The Iranian Twitter Revolution That Never Was - codexon
http://www.foreignpolicy.com/articles/2010/06/07/the_twitter_revolution_that_wasnt

======
faramarz
It amazes me that the author of this article would even dare believe any
accounts of report being broadcast on the Iranian state television.

The state television and it's English subsidiary Press TV function like a
closed-circuit camera to channel the regimes agenda. Anyone in that bubble is
fed with news that is falsified, made by hired actors for the purpose of
complete and utter propaganda.

I happen to be attending an uncles funeral in Iran, just two weeks before the
June 2009 disputed elections.

Every time I would tune into the state TV, I was dumbfounded. I felt like a
child, being told children stories. For a Canadian, having access to multiple
news channels and perspective, this was very freighting.

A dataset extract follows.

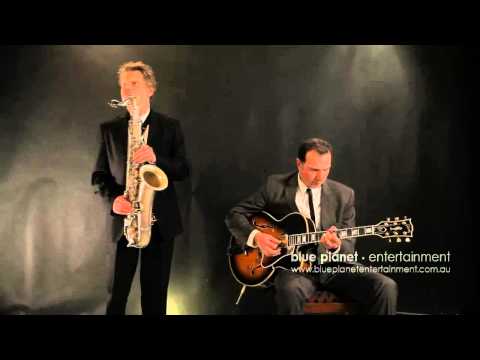 Pete Mitchell Duo Jazz Duo Trio | Summertime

News has no meaning there, because everything is manufactured. You think fox
is bad? Try to imagine being told of a false story repeatedly, on every of the
7-12 state channels. There's no other alternative programming (unless you have
access to illegal satellites) which the lower class cannot even afford.

Anyway, with that said, this _twitter_ revolution did what no other mechanism
could do. Shift the western mentality towards Iran and Iranian youth.

That itself is a remarkable thing and I think twitter, youtube and citizen
news helped make it happen.